» **Directions for this task**
Scan each line of the records for the word "Size" and extract the ones that have it.

=== Exercise inputs ===

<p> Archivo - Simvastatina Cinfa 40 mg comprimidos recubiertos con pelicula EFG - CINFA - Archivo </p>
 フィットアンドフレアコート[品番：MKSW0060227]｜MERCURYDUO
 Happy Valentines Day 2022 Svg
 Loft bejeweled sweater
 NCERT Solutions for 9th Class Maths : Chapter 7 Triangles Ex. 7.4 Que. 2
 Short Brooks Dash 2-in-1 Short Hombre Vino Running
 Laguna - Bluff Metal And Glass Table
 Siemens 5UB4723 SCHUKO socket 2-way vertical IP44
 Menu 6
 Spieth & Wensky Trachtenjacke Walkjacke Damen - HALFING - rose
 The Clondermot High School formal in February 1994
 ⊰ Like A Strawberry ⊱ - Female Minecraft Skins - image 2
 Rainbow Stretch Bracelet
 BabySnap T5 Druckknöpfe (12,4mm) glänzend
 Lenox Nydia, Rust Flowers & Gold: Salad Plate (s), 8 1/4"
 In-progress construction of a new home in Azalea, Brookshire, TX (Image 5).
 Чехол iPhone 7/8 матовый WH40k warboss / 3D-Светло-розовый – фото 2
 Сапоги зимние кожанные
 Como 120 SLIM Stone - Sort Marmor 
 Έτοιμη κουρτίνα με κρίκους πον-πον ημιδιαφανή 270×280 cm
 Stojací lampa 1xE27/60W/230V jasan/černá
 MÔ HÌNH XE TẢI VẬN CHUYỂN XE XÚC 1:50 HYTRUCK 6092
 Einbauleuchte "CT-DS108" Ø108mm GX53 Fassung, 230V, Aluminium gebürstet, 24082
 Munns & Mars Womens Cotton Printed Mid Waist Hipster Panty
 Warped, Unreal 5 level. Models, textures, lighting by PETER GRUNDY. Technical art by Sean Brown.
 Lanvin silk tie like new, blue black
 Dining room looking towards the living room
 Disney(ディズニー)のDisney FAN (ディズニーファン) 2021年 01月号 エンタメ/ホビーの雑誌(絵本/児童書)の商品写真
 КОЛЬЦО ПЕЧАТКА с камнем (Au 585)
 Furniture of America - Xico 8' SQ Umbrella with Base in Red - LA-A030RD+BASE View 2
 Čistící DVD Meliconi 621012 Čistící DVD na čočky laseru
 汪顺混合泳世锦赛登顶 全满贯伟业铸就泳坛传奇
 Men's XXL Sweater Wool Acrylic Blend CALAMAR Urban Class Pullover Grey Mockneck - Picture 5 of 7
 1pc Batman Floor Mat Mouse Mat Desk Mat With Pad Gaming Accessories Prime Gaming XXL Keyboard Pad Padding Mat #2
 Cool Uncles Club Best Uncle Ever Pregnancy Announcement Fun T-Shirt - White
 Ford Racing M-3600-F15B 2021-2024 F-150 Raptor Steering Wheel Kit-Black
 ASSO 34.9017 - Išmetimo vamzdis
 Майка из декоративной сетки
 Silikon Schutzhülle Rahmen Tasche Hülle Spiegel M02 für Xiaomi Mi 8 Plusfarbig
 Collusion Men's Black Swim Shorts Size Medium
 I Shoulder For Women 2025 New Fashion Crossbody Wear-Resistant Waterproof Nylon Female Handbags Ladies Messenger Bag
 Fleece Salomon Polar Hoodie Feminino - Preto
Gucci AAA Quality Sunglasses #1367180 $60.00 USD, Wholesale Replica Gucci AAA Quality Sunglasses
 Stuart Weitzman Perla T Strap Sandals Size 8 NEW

===

» **Exercise solution**
 Collusion Men's Black Swim Shorts Size Medium
 Stuart Weitzman Perla T Strap Sandals Size 8 NEW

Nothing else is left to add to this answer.